Moreover, in general and most profoundly, even the run-of-the-mill malum prohibitum conduct possessed some semblance of a moral component, that is, that the act punished was conduct and consequence intended by the actor. The scarcity of such rules meant that most persons very likely knew about the particular local law that prohibited the proscribed conduct. Hence, most ordinary malum prohibitum constraints left negligent and unintended acts and omissions alleged to cause individual harm to the open texture of the civil law, to be decided on a case-by-case factual basis.

Dissimilar from malum in se crimes, malum prohibitum constraints circumscribe, define, and channel human conduct that can just as well be left to the individual actor. Consider the following simplistic examples. Sunday or blue laws are intended to enforce religious orthodoxy; absence of those regulations allows the religious and virtuous to keep their Sunday unimpeded, and also permits nonbelievers or different believers to live their lives as they think best. Both believer and nonbeliever can exist in community without harm or strife. Laws forbidding usury can be discarded, leaving individuals free to select with whom they do their business of borrowing, on what terms, and at what rate. Laws interdicting prostitution or unorthodox sexual activity may be forgone without requiring anyone to engage in, or refrain from, adult consensual sexual conduct. A society can endure and prosper in the absence of such restraints on personal choice.

Without fanfare, the past dec-ades have witnessed an almost silent increase in malum prohibitum “crimes.” In virtually all cases, conduct that could be and should be unrestricted unless forceful or fraudulent is forbidden by busybodies who persuade thoughtless legislators to authorize criminal penalties for acts or omissions contrary to the prescribed rule. Consider some of the following common instances.

Possession of pornographic images represents a ripe controversy. One certainly can make a case for barring mistreatment of children and disabled adults, whether that mistreatment is sexual, emotional, or physical in nature: when one cannot consent meaningfully, the law correctly infers nonconsent, and such untoward conduct becomes assault, battery, rape, false imprisonment, or fraud, malum in se crimes in any civilized society.

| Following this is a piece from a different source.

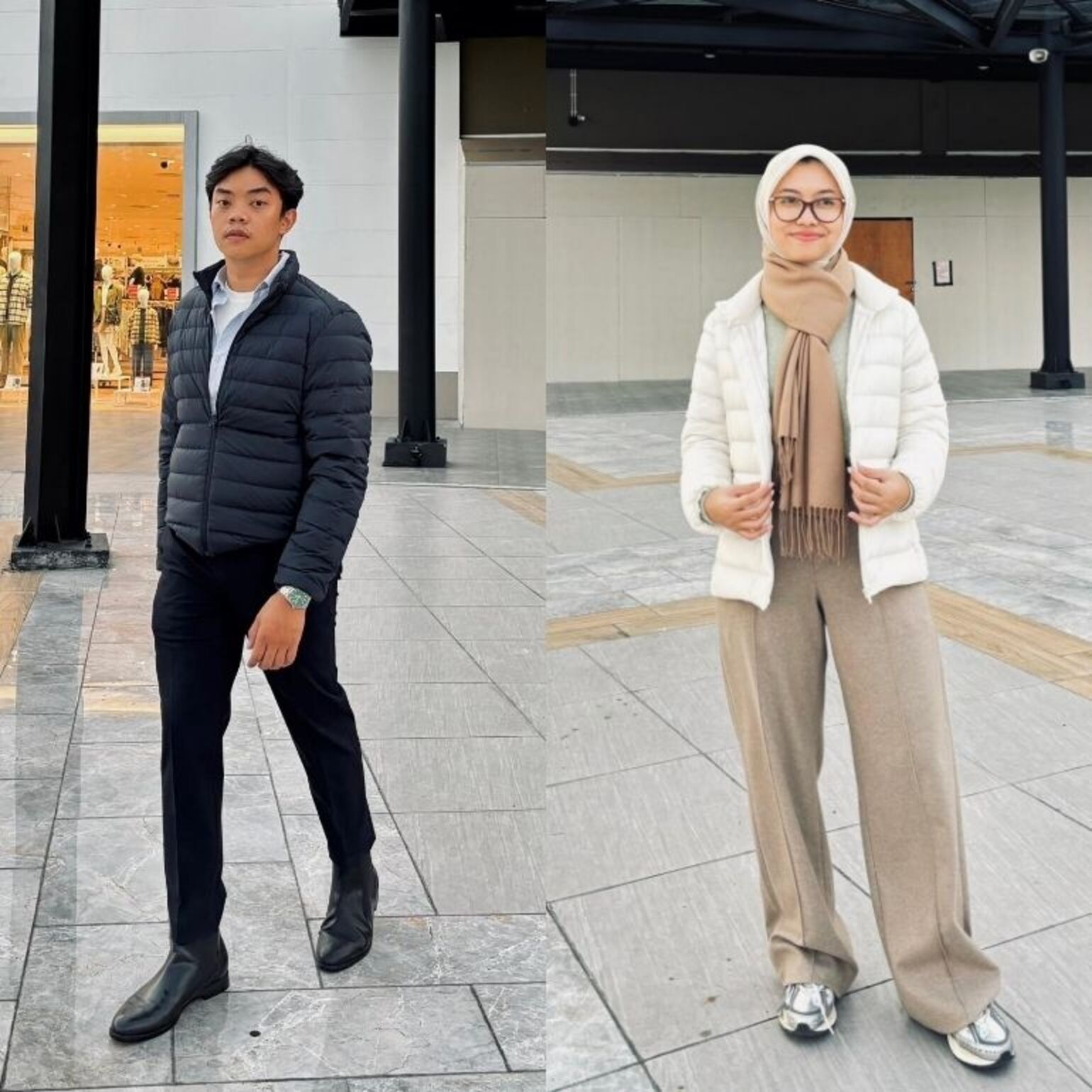 jaket musim dingin uniqlo ultra light down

However, if one privately views “dirty” pictures on a personal computer, why should the criminal law apply? Some members of society might consider such conduct odious or repellant, but a free society must make room for different or unusual conduct that does not adversely affect the equal, reciprocal rights of others.

Sundry examples arise in the context of investment, banking, and transactional enterprises, where the traditional concept of punishable fraud has been so stretched out of shape as to bear scant resemblance to its former self. Customarily, proof of fraud required an intentionally false and dishonest statement of fact designed to mislead the opponent, and which in fact did mislead him to his detriment. Moreover, the misled party must have exercised basic common sense and elemental intelligence in protecting himself in the marketplace. However, with amelioration of that original concept, and the concurrent growth of a dumbed-down public produced and ensured by compulsory state institutions of public indoctrination, those who sell securities or other business interests often find themselves defending both criminal charges and civil claims when an investment fails or the gain disappoints. Purchasers of products or business interests conveniently forget that some products can injure and some investments can fail, and that mankind is particularly inept at predicting the future. And when a gang of disappointed buyers or investors conspire in a class-action setting to charge the seller or the promoter or the banker or the advisor with “criminal fraud,” defense against such a mighty state-funded prosecution is costly and the outcome very uncertain.

Manufacturers of perfectly lawful and useful products also find themselves targets of the new and enhanced criminal law. For decades the civil law has been bloated with strange and thoughtless legal theories to mulct the producer. Market-share and enterprise-liability contrivances demonstrate some of these assaults on the citadel of production, doctrines that enable disappointed or greedy consumers to collect inflated money damages without any showing of traditional fault and causation. The concurrent growth of punitive or exemplary damages — which deserves a separate analysis as to both its dubious antecedents and its deleterious economic effects — affords an additional means of legally mulcting the productive and creative person and entitling those who delight in sloth and victimhood.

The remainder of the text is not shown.